EXERCISE INPUT: Begin

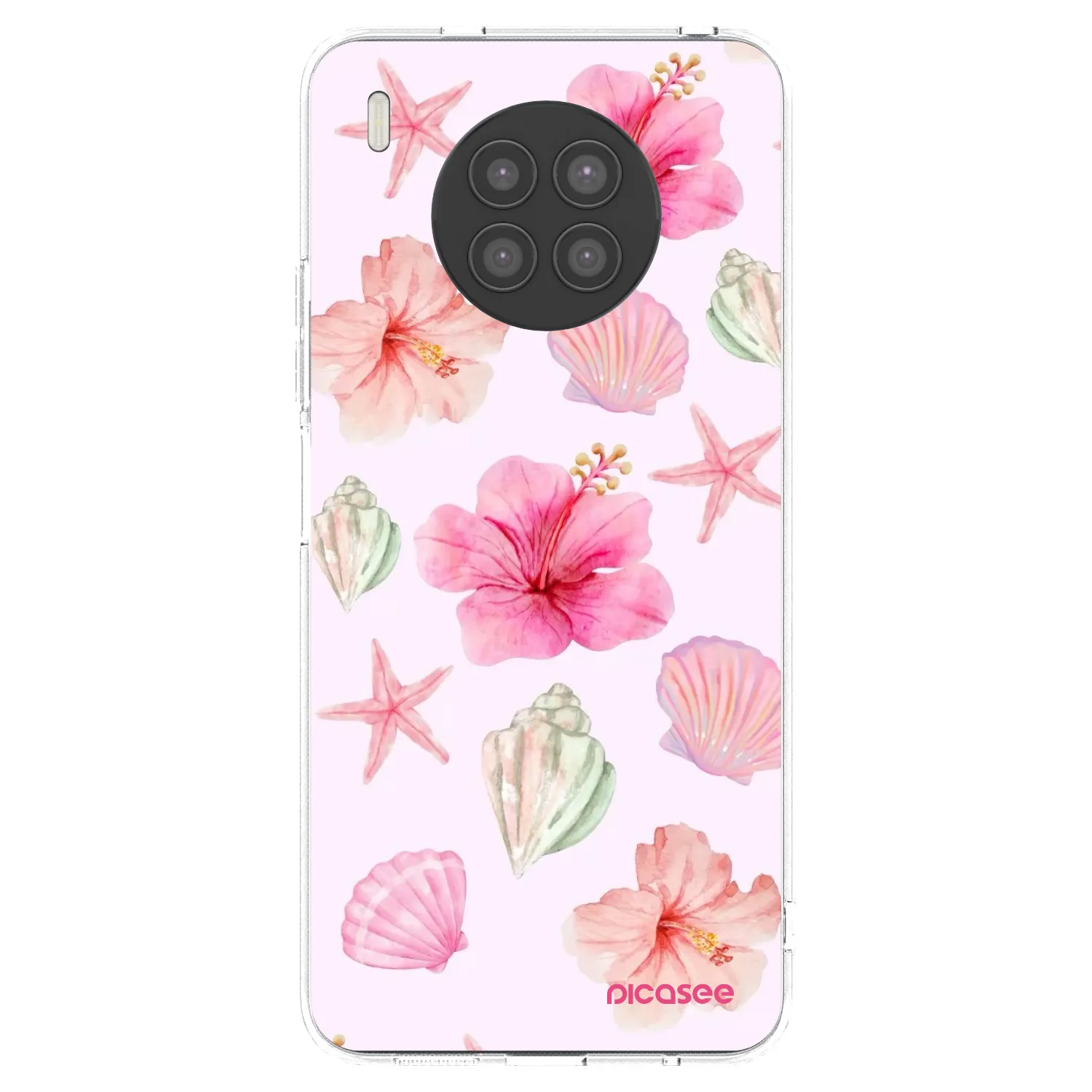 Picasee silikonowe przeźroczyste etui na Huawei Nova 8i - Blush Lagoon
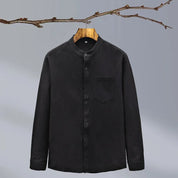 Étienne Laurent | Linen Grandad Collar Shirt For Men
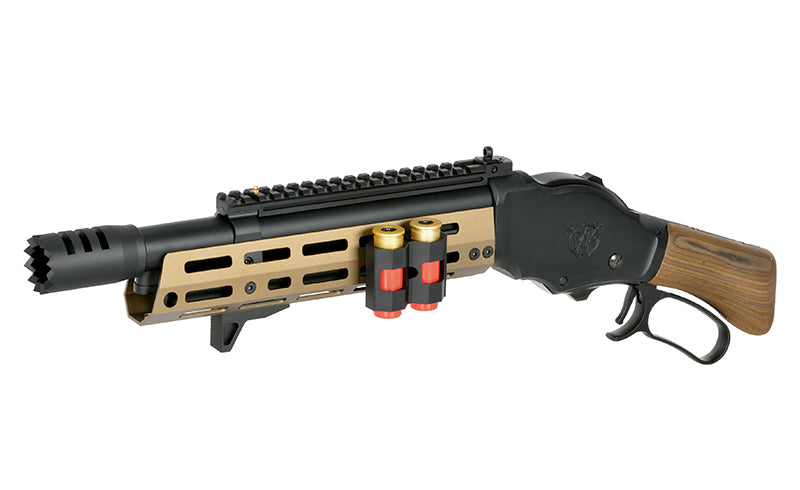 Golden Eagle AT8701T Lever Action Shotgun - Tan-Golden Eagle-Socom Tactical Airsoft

EXERCISE INPUT: End
EXERCISE INPUT: Begin

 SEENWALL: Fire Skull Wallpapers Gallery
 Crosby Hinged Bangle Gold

EXERCISE INPUT: End

ASSIGNMENT |
Start at the line containing "Étienne Laurent |" above and stop at the line containing "Golden Eagle AT8701T". Output those lines exactly, both included, but none of the pictures.

OUTPUT FOR THIS EXERCISE |
 Étienne Laurent | Linen Grandad Collar Shirt For Men
 Golden Eagle AT8701T Lever Action Shotgun - Tan-Golden Eagle-Socom Tactical Airsoft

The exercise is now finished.